After MW2, the big question on everyone’s mind was “Will there be a Nuke?” – future games missed the mark with killstreaks somewhat. Firstly, Black Ops changed the formula big time. Kills from killstreaks no longer counted towards your future killstreaks. This meant that it was a lot harder to chain big killstreaks together, which made getting the biggest ones much rarer. This was probably done to avoid the ostentatious amount present in every MW2 lobby. Also, no Nuke at all – sad. Modern Warfare 3 then changed things up even more. Gone were killstreaks, now we had strike chains and point streaks. These were cool, but they lacked the simplicity of MW2’s sleek killstreak system. What MW3 did have, however, was the M.O.A.B., the Mother Of All Bombs. This was a hidden killstreak similar to the Nuke. It was attainable after 25 kills done by the player – killstreak kills still didn’t count – and killed every enemy, caused an EMP effect on the enemy team for one minute, and gave the player who called it in double XP until the end of the match. They certainly gave your team the upper hand, but they didn’t end the game, so they felt flatter than the world ending Nukes.

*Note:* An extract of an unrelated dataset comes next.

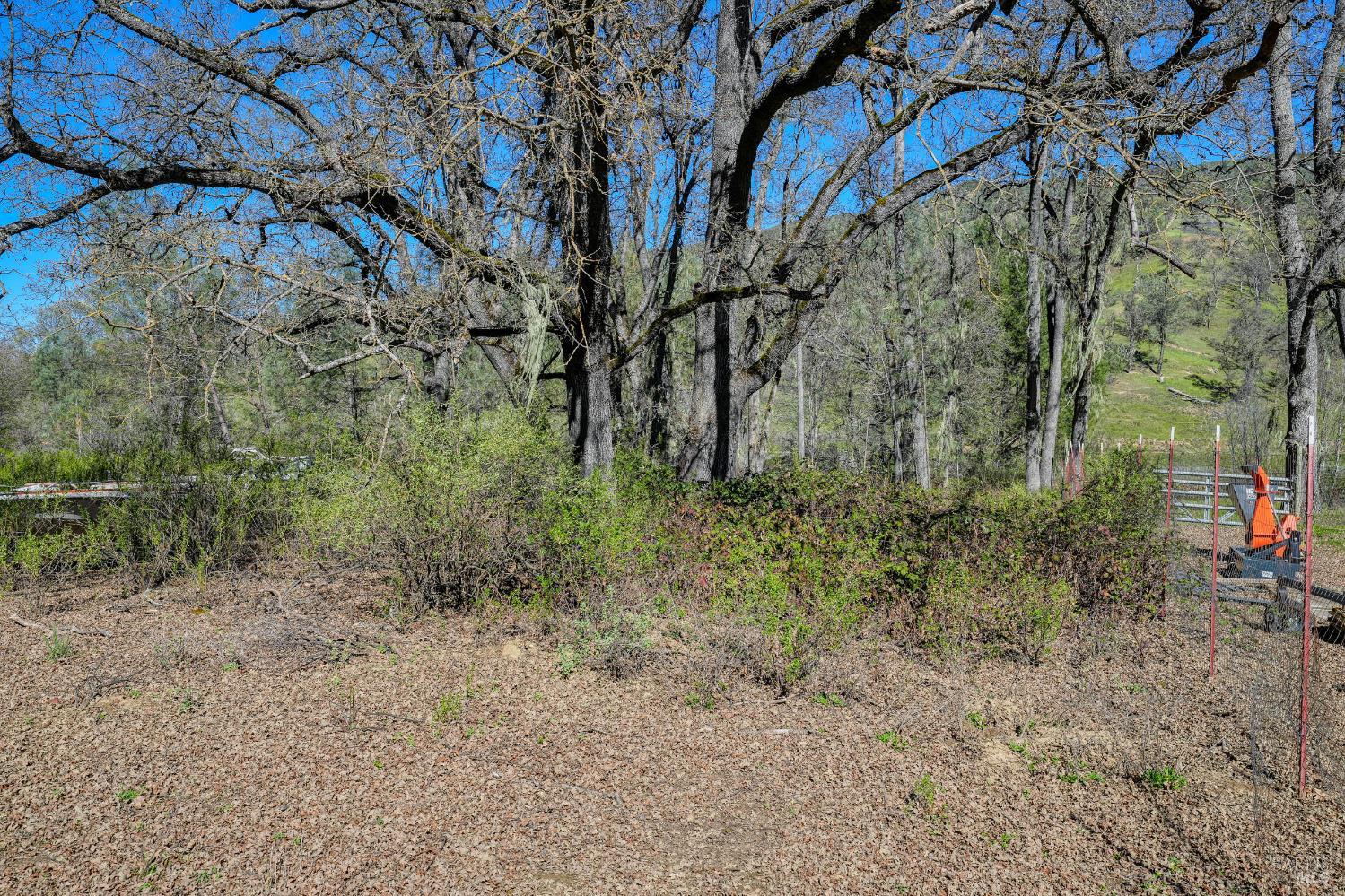 Detail Gallery Image 53 of 57 For 2393 New Long Valley Rd, Clearlake Oaks,  CA 95423 - – Beds | – Baths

What made Nukes something special was the community that built around them. The general strategy was to have a silenced weapon and the Scavenger perk so you could silently rack up kills until you got a Harrier. Then you just had to let it get you to either an AC130 or Chopper Gunner and from there you were almost guaranteed the Nuke. There were also loads of challenges people did to try and get a Nuke. Some people tried to do it without killstreaks and some went knife only. The latter drew many accusations of cheating – watch for yourself and decide. But basically, if you could get a kill with it, people would try to get the Nuke with it.
I don’t think anything changed Call of Duty more than the Nuke did. It shaped excitement over future killstreaks for years to come and spawned dozens of YouTube careers. Getting one required a hefty dose of both luck and skill, but no one would ever admit to the former. The Nuke was MW2 at its most chaotic and over-the-top, and nothing has quite come close to it since.